Il messaggio, tradotto dallo studentese brigatistico, della fasciocompagna Caterina peraltro è chiaro sul serio, ed è il seguente: non abbiamo nessuna voglia di studiare, figuriamoci di lavorare: questa è roba da capitalismo, noi pretendiamo la giostra perenne, se no ci rotoliamo in terra. Caterine di tutto il mondo, unitevi che poi c'è il reddito di cacciannanza, che dalle mie parti è la focaccia marchigiana, insomma fascia o compagna, pur che se magna. Che schifo, però, paragonarsi a coetanei che muoiono ammazzati sotto le raffiche e le bastonate dei gendarmi di una dittatura. Loro, che sclerano se gli togli il diritto a farsi chiamare da uomo anche se donna e viceversa. Loro, che non rinuncerebbero per nulla al mondo ai giocattoli tecnologici. Che rivendicano tutto senza mai offrire niente in cambio.

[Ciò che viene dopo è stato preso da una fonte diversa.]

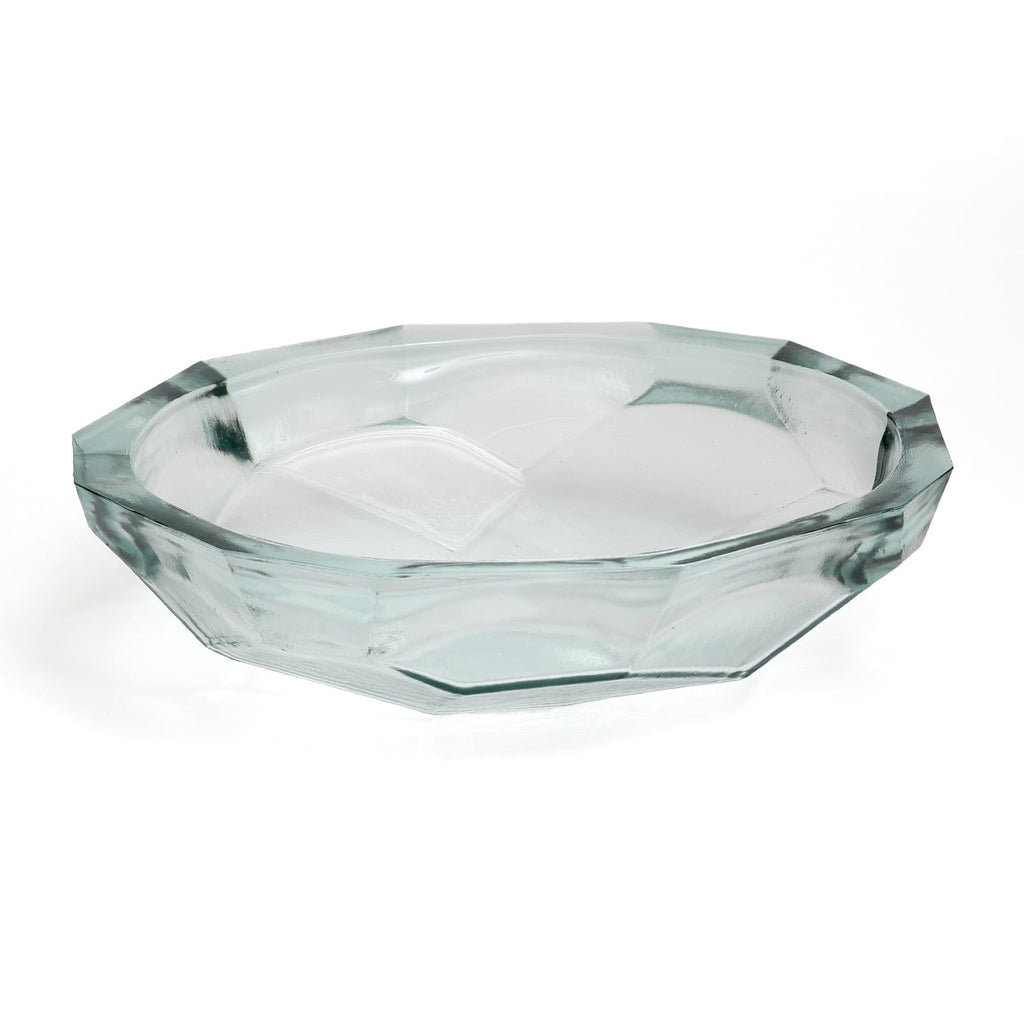Bol décoratif en verre transparent origami bleu oval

Che latrano al fascismo ma scambiano Farinacci per un rapper, la CO2 per un nuovo tipo di amfetamina e l'Iran non sanno neppure trovarlo sul mappamondo. Questi “bambini viziati delle democrazia”, con Ortega y Gasset, ma di più dalla follia, arrivano a certi abissi di decenza perché sanno di poterlo fare: uno striscione come quello, “l'Italia come l'Iran” meritava raffiche di pedate nel culo, e invece si è guadagnato le cronache ammirate dei giornali dove scrivono i loro padri, che ai tempi erano altrettanto fetidi, e hanno originato una progenie repellente.

Ma è inutile bofonchiare a denti stretti, come pure in tanti avranno, avremo fatto, “io ce li porterei in Iran e poi vediamo come va a finire”. Queste son le cose che si dicono, che si pensano, ma che non succederanno mai. Non ce la facciamo più, non è più in nostro potere, questa guerra l'abbiamo perduta. Anche questa. Solo a pensare che “il dibattito” che in queste olre appassiona questa genia di geni strafatti proviene dall'America woke e dice: c'è troppo sperma bianco. Il cronista non sta né scherzando né vaneggiando, non lui almeno: c'è troppo sperma bianco, urge trovarne di black o, meglio ancora, arcobaleno. Su questo pretende di “confrontarsi” la classe dirigente del futuro, come piaceva chiamarla negli anni Ottanta; adesso non più, perché già la prospettiva mette orrore.

Altrove nel sangue, noi qui affoghiamo nel pantano e nelle feci, come quello, uno di loro, la testa tinta di rosso pompeiano, che al rave di Modena oscillava, sbandava, i pantaloni orrendamente ripieni, si era con tutta evidenza cagato addosso. E una generazione così, di liceali capaci giusto di disegnare striscioni con colori da cartoni animati per l'asilo, vuoi che non avversi il merito? Gira una pubblicità, inneggia alla generazione G: come Greta? No. Come Giustizia? Neanche. Come Gioia? Ma quale. G sta per gorgonzola, una generazione di formaggio con la muffa, ovvero il loro cervello. Generazione G, che non trova niente di strano se un fallito come Di Maio viene riciclato da Draghi, “il migliore”, 12mila euro al mese per viaggiare a sbafo per il Golfo Persico, ma si percepisce più sfortunata degli studenti iraniani che muoiono perché più li uccidono e più non si arrendono, perché il merito lo vorrebbero, perché c'è una libertà che non è quella di buttarsi via ma di esistere. Di esistere.